Vivemos novos tempos e hoje qualquer tipo de união soa normal. Até mesmo um rufião – disse olhando para o noivo – e um ex boy striper que se reencontrou num novo ser – falou dirigindo-se à noiva.

Os noivos, ele economista, ela filha de desembargador, entranharam o discurso, mas não quiseram criar caso. Os convidados passaram a prestar mais atenção. O pai da noiva ameaçou intervir, mas foi contido pela esposa.

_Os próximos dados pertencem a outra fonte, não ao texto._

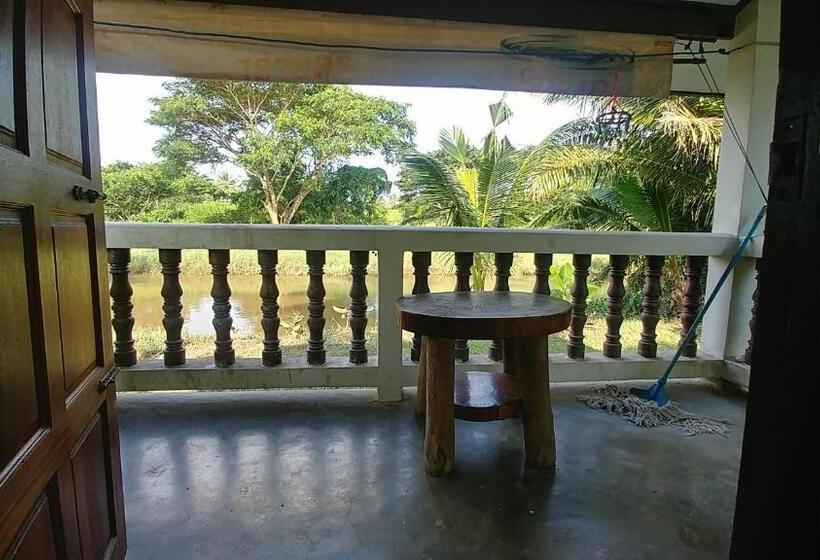 اتاق خانوادگی, Wandee Resort Bankrut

Dize-me com quem andas e dir-te-ei quem és, diz a escritura. E aqui, pelo jeito, os pombinhos andam com companhias infernais – disse Ariel, rindo e soluçando. Muitos confundem prazeres mundanos com felicidade, mas aqui se faz, aqui se paga. Porém, diz a escritura, andai pelos caminhos retos, pois não lhes cabe saber quando será o dia e a hora. Levando uma vida desregrada, bebendo e praticando coito selvagem por dinheiro, não se alcança a salvação.

Os convidados se entreolharam, o pai da noiva, vermelho de raiva, pigarreou forte e Ariel prosseguiu:

Garlindo Pereira, gigolô e dono de bordel, aceita Tamara Jackson, ex Orlando Xavier, como sua ou seu, esposa, cacho, o que quer que seja, até que outro bofe a carregue?

Burburinho, tosses, pigarros, homens ajeitando a gravata e cruzando as mãos à frente ou às costas; mulheres se entreolhando, fulminando maridos e namorados. O pai da noiva decidiu intervir, mas Neide, a criativa cerimonialista, pegou o microfone de Ariel e disse:

Senhoras e senhores, confesso que também caí na pegadinha dos amigos do noivo. Recebamos o celebrante, monsenhor Bevilacqua.

Ariel foi escoltado até a saída do condomínio e esqueceu o livro de atas. Foi demitido do cartório, desistiu do curso de pastor mas, devido a um escândalo de propina e pedofilia, assumiu a vaga do vereador Pastor Jonas, cassado e preso. Agora sim, disse Ariel. Na Câmara Municipal, poderei trabalhar em prol da moral e da ética!